Un dépotoir du XVIe siècle livre un riche mobilier archéologique à Rouen
12/11/2012
L’Institut national de recherches archéologiques préventives (Inrap) termine une fouille à l’angle des rues Verte et Pouchet, à proximité de la gare, à Rouen. Cette opération, d’une durée de deux mois, a été prescrite par le service régional de l’Archéologie (Drac de Haute-Normandie) préalablement à la réalisation du programme « 21 rue Verte » par Bouygues Immobilier. L’équipe d’archéologues, dirigée par Bénédicte Guillot, a mis au jour un immense dépotoir du XVIe siècle qui livre un mobilier archéologique riche et varié : céramiques, ossements, déchets d’artisanats. Ces recherches archéologiques offrent une opportunité unique d’enrichir les connaissances sur la ville de Rouen au XVIe siècle et d’étudier en particulier les modes de gestion des déchets mis en place à la fin du Moyen Age.

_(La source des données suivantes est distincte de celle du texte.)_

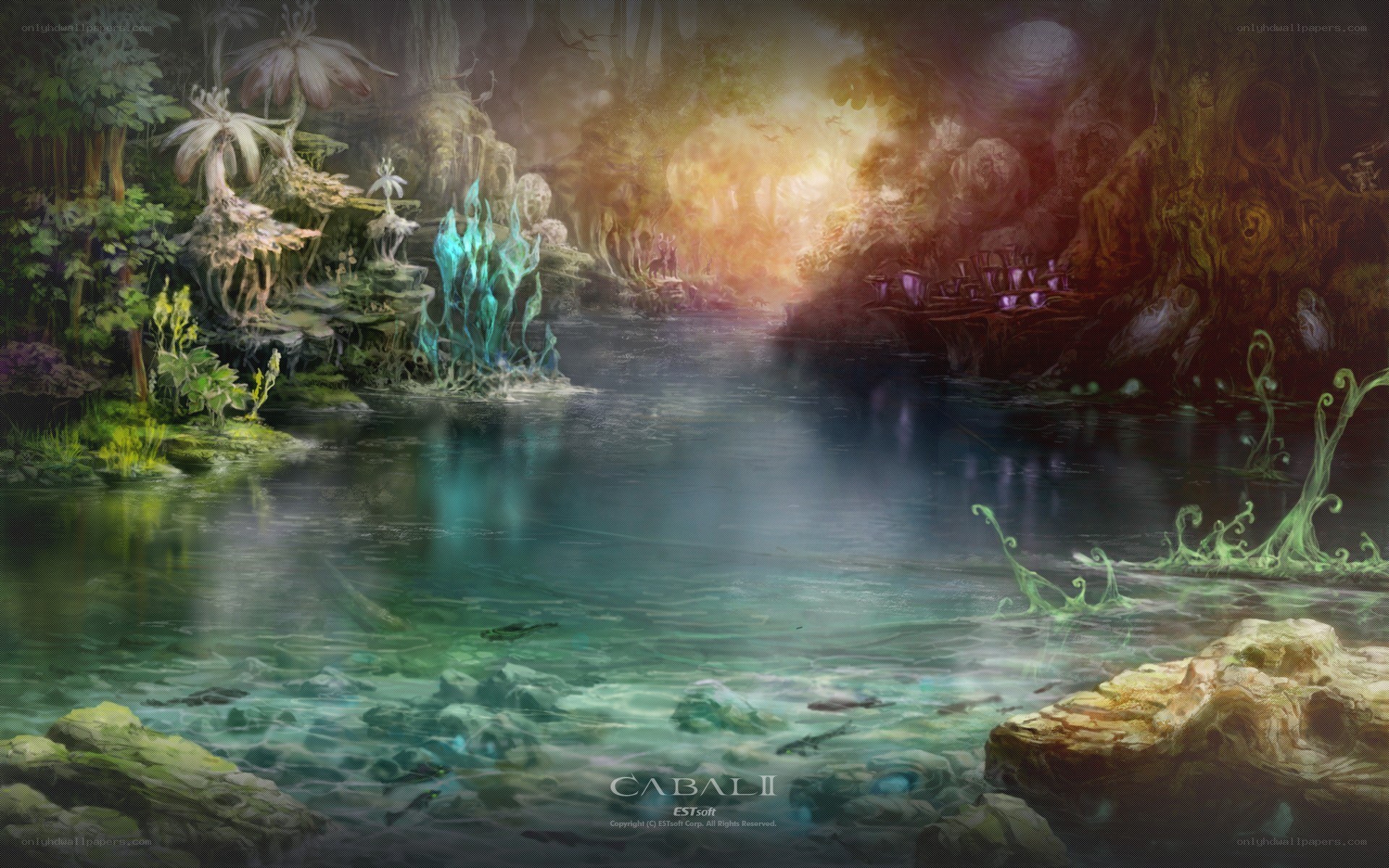 enchanted forest river scene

LES POUBELLES, TÉMOINS DU PASSÉ
Le terrain se situe au nord-ouest du centre-ville historique de Rouen, aux abords du château de Philippe-Auguste. Les archéologues y ont identifié un site destiné à recueillir les déchets des habitations voisines au XVIe siècle. Cet immense dépotoir, installé en dehors de la ville close, près du fossé longeant les fortifications, peut être assimilé à une décharge publique. Les déchets y sont entreposés en couches successives : gravats et matériaux de constructions, lits de cendre, rejets d’artisanat (dont de la tabletterie, de la métallurgie et de la tannerie), poches de mobilier (huîtres ou chevilles osseuses), niveaux sableux très riches en céramique, verre et ossements animaux, déchets organiques issus de fosses d’aisances, etc. Cette fine stratification indique que le dépotoir a été constitué par de nombreux apports réguliers de déchets en petite quantité plutôt que par quelques grands arrivages.
La diversité du mobilier archéologique exhumé reflète l’ensemble de la vie quotidienne de Rouen au XVIe siècle. L’abondante céramique domestique retrouvée sur le site (pots à cuire, plats, assiettes, etc.) apporte des éléments de datation ainsi que des informations sur les usages en cours. Elle témoigne de la co existence d’une production locale et de nombreuses importations, proches comme les céramiques de la région de Beauvais, ou plus lointaines avec des fragments de majolique italienne et hispano-mauresque. Ces pièces d’importation permettaient d’agrandir le vaisselier avec de la céramique plus luxueuse.
LA MISE EN PLACE D’UNE POLITIQUE DE GESTION DES DÉCHETS
Au XVIe siècle, la ville de Rouen est en pleine transformation. Elle est alors la ville la plus peuplée du royaume après Paris. La gestion des déchets est devenue depuis la fin du Moyen Age un élément important de l’administration municipale et royale; de nombreux décrets demandent à la population d’évacuer ses déchets hors de la ville ou contre les fortifications. Le site de la rue Pouchet est le résultat de cette nouvelle politique : les habitants, ou des ramasseurs professionnels, apportaient leurs résidus hors de la ville close, dans cette grande excavation qui atteint 5 mètres de profondeur. Là devaient se trouver des "chiffonniers" qui opéraient un premier tri parmi les déchets ce qui expliquerait la rareté en objets métalliques. En effet, si quelques petits objets en bronze (clef, boucle de ceinture, bouterolle, dé à coudre, épingles à cheveux, …) ou en fer (clous, boucle, …) ont été retrouvés, on note l’absence de grands objets ou d’outils usagés qui ont dû être recyclés. L’étude de tout le mobilier issu de la fouille, complétée par un travail sur les archives, apportera certainement un nouvel éclairage sur la problématique de la gestion des déchets dans les grandes villes au XVIe siècle.